Few, if any, knew about the kid called Canelo when he was set to fight Larry Mosley at a desert casino in Riverside County.

It was October 24, 2008, and that same night another fight card was taking place in nearby Ontario. But I received a call from Ramiro Gonzalez the publicist for Golden Boy Promotions who I’ve known since 1993. He told me that Chepo Reynoso had someone who he claimed was the best fighter he ever had.

Chepo Reynoso had groomed a number of world champions and contenders including Javier Jauregui and Oscar Larios. If Canelo was better than those two world champions, I had to take a look.

Alvarez arrived with the Reynosos and publicist Gonzalez and we all met and shook hands. Chepo handed me a Canelo T-shirt and was asked by a few people standing in line for one of the T-shirts. He declined, explaining he did not have many. I still have that brown T-shirt hanging in my closet.

That night Canelo faced his first American style prizefighter and it proved puzzling to the 18-year-old Alvarez. First, Mosley was a southpaw and, second, he had a defensive style not common in Mexico. Below the border, a fighter that displays pronounced defense is equal to fighting with cowardice. It’s just the way Mexicanos perceive defense – a cowardly tactic.

After a few rounds it was clear that Alvarez was having problems figuring out why Mosley was not attacking. He realized he could be losing and stepped into another gear to hit whatever was available to hit and won by decision.

The Mexican redhead fought once more in Florida and did not return to America for two years.

Well, you know the rest of the story. Slowly but steadily Canelo fought better and better opponents and defeated a number of recognizable fighters and world champions — Carlos Baldomir, Kermit Cintron, Shane Mosley and others. When he fought Floyd Mayweather, he met the crème de la crème and from that single loss learned more about the art of boxing.

Canelo and defense

Just before Alvarez fought Gennadiy Golovkin in their first encounter, we met inside a Hollywood theater and he joyfully explained how much he learned from his encounter with Mayweather. It led him and his team to learn all they could about the defensive tactics disdained in Mexico, but applauded by many, especially in Midwestern states like Michigan. The fighter you see today in Alvarez is the result of that loss to Mayweather six years ago in Las Vegas.

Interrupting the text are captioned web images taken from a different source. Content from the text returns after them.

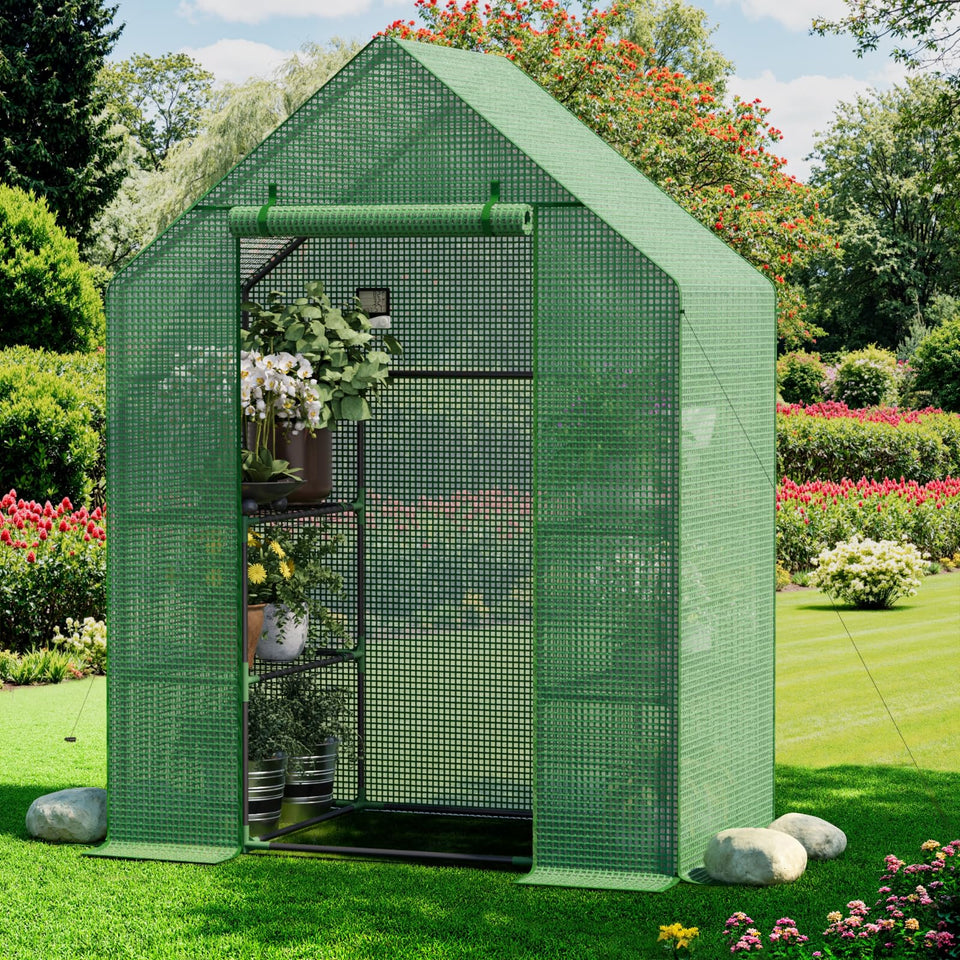 Benass walk-in greenhouse with 3-tier, 4-shelf design for organized seed starting.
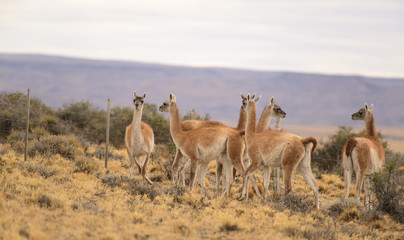 Guanacos in Patagonia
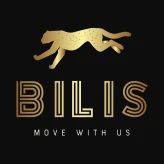 Bilis Electric Mopeds (@preview-bilis) profile image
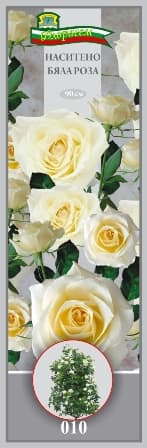 Роза Наситено бяла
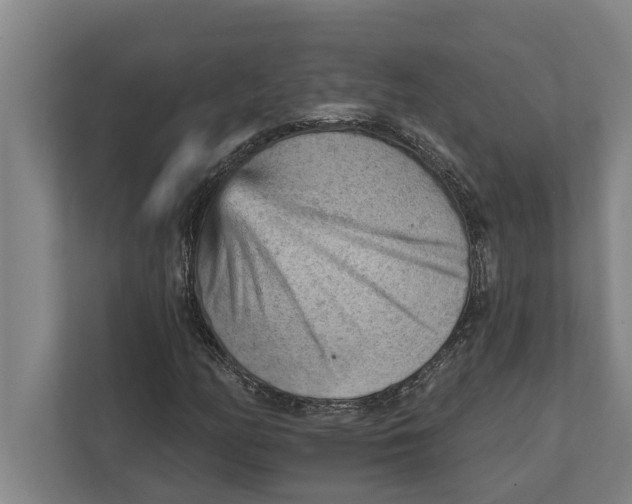 X0000111941158200908171251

Alvarez, now 29 years old, realizes a prizefighter only has so many years to utilize the abilities he’s acquired and built up, and he’s gunning for the most of it by challenging himself and daring to be great.

“This is going to be a big challenge that we have in front of us, and we’re happy to take it with a lot of responsibility and a lot of discipline,” said Alvarez of his upcoming fight. “We wanted to make history in boxing and leave a big legacy, so it looked like a good idea. It’s a risk that we’re taking, but that’s boxing.”

Earlier this year Mikey Garcia dared to be great too when he challenged the welterweight titlist Errol Spence Jr. Though he was not successful, you need to admire any athlete willing to test himself. You only have so much time as a super athlete.

When Alvarez (52-1-2, 35 KOs) enters the ring to face WBO light heavyweight titlist Sergey “Krusher” Kovalev (34-3-1, 29 KOs) on Saturday, Nov. 2, at the MGM Grand, the size difference will be rather staggering. DAZN will stream the Golden Boy Promotions fight card.

The Mexican redhead is familiar with size disparities. Last December he met and defeated even taller Rocky Fielding for the WBA super middleweight title. But Kovalev presents an even bigger challenge as a more polished champion with deadly power.

Kovalev has no intention of underestimating Alvarez.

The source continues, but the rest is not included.